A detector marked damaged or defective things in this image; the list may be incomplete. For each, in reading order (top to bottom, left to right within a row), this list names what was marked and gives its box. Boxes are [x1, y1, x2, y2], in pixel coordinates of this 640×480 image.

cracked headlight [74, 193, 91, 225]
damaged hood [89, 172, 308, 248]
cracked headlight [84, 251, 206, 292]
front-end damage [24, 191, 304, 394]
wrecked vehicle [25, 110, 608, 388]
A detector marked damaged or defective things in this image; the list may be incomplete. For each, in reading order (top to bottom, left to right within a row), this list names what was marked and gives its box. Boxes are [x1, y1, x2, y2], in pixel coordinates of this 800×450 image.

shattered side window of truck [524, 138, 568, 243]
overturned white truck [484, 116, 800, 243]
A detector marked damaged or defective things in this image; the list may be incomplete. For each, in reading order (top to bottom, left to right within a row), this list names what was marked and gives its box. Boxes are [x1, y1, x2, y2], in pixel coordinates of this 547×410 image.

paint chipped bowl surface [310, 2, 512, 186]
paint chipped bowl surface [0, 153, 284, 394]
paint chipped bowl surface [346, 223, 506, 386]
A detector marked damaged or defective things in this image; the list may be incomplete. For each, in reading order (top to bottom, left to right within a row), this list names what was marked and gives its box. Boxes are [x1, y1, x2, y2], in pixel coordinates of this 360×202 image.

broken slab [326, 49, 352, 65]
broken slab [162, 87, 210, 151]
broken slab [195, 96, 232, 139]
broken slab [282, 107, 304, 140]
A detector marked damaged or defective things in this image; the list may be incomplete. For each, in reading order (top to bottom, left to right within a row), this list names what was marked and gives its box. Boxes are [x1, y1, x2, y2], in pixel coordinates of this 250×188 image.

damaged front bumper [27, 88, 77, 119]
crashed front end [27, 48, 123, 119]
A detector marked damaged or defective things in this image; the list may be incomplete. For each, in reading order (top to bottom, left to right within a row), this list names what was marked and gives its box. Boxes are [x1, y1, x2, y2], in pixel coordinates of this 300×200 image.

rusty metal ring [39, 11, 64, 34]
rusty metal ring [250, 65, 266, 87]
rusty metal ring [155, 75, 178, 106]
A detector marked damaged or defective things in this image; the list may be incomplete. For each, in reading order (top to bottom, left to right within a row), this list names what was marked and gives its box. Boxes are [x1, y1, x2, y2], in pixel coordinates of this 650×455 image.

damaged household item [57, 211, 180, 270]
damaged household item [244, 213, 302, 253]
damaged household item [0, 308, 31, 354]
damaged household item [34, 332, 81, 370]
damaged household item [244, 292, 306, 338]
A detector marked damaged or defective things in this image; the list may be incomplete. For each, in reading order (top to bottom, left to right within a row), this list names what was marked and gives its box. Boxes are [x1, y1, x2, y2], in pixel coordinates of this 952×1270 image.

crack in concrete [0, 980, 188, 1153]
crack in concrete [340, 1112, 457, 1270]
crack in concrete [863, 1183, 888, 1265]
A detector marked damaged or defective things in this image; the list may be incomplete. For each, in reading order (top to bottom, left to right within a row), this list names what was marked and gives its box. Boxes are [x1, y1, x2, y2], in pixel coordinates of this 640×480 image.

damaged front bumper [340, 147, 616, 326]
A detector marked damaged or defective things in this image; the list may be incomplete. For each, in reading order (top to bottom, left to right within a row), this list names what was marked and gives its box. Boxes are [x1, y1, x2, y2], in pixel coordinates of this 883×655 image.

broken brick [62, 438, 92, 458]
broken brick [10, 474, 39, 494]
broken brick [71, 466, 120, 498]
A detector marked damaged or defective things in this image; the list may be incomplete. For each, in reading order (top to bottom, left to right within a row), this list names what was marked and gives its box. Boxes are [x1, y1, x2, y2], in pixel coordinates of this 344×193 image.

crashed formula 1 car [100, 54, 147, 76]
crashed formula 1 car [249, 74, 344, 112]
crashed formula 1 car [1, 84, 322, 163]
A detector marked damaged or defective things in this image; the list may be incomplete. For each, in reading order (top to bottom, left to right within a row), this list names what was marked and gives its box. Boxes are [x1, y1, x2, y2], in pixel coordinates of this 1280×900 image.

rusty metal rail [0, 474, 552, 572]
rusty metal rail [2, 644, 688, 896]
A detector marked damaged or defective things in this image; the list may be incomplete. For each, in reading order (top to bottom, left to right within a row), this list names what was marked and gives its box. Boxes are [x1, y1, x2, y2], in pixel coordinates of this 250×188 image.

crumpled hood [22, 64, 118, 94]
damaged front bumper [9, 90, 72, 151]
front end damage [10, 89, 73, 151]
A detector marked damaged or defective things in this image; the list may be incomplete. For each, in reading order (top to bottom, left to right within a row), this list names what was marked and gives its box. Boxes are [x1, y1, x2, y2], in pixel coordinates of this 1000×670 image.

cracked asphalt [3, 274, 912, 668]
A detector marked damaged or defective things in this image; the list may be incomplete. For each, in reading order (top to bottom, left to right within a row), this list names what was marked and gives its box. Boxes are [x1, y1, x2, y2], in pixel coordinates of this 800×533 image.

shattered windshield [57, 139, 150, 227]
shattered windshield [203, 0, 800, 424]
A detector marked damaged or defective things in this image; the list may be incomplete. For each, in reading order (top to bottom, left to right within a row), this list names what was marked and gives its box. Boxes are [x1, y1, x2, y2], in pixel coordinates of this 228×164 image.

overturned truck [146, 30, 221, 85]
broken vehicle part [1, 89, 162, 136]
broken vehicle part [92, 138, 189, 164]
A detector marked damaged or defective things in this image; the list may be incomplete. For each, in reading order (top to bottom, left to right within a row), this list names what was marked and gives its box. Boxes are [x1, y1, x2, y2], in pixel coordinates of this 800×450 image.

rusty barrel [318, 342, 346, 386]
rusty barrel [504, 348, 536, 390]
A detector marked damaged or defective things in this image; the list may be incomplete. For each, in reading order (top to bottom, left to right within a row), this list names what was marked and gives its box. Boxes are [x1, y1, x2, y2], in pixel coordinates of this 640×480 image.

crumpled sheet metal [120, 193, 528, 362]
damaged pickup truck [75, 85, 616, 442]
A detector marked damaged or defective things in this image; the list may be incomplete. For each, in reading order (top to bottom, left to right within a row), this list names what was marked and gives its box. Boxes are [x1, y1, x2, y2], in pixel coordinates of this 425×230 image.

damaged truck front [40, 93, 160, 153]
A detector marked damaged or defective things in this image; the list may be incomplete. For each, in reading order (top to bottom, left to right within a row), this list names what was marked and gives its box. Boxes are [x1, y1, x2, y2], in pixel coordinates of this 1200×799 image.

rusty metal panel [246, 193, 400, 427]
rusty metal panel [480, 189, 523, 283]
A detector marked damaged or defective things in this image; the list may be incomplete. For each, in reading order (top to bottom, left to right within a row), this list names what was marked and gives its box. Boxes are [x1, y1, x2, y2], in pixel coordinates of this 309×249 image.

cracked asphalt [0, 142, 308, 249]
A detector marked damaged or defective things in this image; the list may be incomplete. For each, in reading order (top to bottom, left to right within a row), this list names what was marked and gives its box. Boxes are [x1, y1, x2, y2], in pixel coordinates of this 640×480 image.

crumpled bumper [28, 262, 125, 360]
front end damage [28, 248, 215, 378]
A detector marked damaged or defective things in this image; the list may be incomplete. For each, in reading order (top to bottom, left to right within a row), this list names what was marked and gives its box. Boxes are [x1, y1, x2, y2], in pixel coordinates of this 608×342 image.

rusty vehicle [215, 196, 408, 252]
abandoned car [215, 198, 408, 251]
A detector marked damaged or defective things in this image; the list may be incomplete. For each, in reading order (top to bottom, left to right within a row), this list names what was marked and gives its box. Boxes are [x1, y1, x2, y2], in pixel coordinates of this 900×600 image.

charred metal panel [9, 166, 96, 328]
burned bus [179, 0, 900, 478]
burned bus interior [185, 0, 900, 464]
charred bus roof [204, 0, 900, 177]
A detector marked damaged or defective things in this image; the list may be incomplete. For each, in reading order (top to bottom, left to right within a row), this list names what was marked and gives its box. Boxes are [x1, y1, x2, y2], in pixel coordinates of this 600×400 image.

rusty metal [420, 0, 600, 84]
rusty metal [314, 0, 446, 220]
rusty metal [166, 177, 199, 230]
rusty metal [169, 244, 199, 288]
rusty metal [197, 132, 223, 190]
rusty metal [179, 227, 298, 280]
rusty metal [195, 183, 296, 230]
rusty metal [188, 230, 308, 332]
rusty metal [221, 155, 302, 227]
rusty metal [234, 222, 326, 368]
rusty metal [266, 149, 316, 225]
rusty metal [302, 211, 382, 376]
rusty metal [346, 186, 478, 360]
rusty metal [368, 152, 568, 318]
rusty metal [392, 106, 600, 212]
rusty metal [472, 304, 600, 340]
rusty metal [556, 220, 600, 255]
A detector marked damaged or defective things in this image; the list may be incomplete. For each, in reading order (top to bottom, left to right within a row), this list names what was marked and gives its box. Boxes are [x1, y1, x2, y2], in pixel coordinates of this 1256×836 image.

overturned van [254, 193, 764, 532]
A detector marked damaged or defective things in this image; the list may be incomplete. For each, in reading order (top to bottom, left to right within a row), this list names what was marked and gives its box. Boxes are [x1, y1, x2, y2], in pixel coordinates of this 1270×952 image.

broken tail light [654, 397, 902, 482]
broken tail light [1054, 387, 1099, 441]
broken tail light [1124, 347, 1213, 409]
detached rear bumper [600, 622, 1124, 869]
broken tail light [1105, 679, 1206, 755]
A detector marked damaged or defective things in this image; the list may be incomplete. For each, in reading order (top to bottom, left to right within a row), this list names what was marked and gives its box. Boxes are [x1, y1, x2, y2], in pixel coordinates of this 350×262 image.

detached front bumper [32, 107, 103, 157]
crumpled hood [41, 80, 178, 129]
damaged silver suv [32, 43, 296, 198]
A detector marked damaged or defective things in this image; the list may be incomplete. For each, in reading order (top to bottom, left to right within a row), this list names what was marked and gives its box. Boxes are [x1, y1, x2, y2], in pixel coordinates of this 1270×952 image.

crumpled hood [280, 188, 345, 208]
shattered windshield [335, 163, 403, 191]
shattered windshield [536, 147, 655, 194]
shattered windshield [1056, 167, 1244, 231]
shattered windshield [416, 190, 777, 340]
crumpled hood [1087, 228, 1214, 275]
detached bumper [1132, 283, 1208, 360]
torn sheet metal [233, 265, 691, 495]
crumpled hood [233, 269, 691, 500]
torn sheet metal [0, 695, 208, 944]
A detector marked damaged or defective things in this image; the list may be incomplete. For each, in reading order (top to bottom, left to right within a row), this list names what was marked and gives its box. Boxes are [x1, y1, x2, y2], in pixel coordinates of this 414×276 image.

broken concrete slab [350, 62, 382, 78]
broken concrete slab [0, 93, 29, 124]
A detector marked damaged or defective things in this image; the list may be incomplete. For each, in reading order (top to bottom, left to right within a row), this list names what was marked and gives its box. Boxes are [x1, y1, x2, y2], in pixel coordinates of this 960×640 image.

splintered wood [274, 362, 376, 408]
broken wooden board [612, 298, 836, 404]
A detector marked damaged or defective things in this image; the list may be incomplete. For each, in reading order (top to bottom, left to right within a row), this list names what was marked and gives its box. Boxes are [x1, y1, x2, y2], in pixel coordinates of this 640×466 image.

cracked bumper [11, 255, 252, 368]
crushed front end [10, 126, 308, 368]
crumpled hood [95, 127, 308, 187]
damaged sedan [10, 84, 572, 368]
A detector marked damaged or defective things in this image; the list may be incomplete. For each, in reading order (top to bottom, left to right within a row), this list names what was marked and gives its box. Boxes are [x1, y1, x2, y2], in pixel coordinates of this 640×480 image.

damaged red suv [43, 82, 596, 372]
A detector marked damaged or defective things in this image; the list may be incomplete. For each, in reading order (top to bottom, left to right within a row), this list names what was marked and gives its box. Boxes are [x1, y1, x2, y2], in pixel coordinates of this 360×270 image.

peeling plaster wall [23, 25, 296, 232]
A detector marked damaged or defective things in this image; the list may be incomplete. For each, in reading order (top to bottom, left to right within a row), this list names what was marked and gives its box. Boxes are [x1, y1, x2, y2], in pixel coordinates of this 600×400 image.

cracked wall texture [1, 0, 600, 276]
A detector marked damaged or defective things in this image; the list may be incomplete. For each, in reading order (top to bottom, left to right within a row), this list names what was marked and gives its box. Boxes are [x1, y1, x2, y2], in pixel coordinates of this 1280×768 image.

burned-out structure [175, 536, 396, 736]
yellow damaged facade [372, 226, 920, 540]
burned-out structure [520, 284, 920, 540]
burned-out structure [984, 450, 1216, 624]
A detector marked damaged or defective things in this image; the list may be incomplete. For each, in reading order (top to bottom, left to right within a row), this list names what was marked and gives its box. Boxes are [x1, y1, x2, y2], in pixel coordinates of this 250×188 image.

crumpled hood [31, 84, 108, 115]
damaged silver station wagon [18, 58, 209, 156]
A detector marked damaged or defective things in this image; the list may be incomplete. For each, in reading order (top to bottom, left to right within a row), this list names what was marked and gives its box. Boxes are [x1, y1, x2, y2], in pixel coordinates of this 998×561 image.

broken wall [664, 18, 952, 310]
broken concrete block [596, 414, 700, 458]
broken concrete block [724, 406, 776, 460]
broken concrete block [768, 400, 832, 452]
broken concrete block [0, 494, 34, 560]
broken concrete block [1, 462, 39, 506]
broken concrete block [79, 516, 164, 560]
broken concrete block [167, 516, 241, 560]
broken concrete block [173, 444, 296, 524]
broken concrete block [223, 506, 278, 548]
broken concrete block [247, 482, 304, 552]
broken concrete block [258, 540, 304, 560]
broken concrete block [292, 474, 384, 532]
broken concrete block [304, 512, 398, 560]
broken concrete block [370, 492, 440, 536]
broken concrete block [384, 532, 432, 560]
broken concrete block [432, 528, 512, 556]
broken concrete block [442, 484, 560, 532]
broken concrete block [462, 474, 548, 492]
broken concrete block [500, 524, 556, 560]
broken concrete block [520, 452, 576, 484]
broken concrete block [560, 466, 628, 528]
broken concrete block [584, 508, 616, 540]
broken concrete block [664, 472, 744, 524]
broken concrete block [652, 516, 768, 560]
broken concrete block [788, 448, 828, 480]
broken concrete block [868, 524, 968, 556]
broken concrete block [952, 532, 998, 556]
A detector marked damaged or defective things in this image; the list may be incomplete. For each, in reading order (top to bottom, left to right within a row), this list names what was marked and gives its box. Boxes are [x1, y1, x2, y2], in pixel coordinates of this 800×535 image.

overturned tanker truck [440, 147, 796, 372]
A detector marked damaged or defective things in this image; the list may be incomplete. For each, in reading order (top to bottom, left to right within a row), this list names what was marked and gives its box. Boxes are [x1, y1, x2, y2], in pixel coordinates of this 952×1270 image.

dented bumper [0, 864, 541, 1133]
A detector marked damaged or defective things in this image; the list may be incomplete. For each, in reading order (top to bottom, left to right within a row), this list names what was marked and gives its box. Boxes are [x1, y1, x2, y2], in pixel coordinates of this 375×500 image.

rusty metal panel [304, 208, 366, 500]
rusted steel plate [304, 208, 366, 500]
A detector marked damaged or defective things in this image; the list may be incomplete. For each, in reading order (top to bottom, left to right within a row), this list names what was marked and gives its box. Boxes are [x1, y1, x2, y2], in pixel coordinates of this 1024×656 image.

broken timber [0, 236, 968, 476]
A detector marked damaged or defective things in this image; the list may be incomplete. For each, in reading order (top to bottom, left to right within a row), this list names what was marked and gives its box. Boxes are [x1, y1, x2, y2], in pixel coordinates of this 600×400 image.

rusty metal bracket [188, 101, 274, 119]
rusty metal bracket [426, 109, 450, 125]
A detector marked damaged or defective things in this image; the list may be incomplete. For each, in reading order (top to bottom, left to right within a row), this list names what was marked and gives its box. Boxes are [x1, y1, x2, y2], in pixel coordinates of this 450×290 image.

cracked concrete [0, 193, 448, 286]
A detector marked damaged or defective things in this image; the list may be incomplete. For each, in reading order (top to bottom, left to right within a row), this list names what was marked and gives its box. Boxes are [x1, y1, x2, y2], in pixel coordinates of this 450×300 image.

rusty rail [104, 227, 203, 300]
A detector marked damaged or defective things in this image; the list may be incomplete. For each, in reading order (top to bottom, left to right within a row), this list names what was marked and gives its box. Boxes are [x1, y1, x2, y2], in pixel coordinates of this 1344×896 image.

* * * * * * *

▶ [What to work on]
With the line containing "this 450×300 image." as the start and the last line of the material above as the end, copy that run of lines exactly, both ends included, and nothing more.

▶ [Response to this task]
A detector marked damaged or defective things in this image; the list may be incomplete. For each, in reading order (top to bottom, left to right within a row), this list names what was marked and gives its box. Boxes are [x1, y1, x2, y2], in pixel coordinates of this 450×300 image.

rusty rail [104, 227, 203, 300]
A detector marked damaged or defective things in this image; the list may be incomplete. For each, in reading order (top to bottom, left to right within a row), this list names what was marked and gives its box. Boxes are [x1, y1, x2, y2], in pixel coordinates of this 1344×896 image.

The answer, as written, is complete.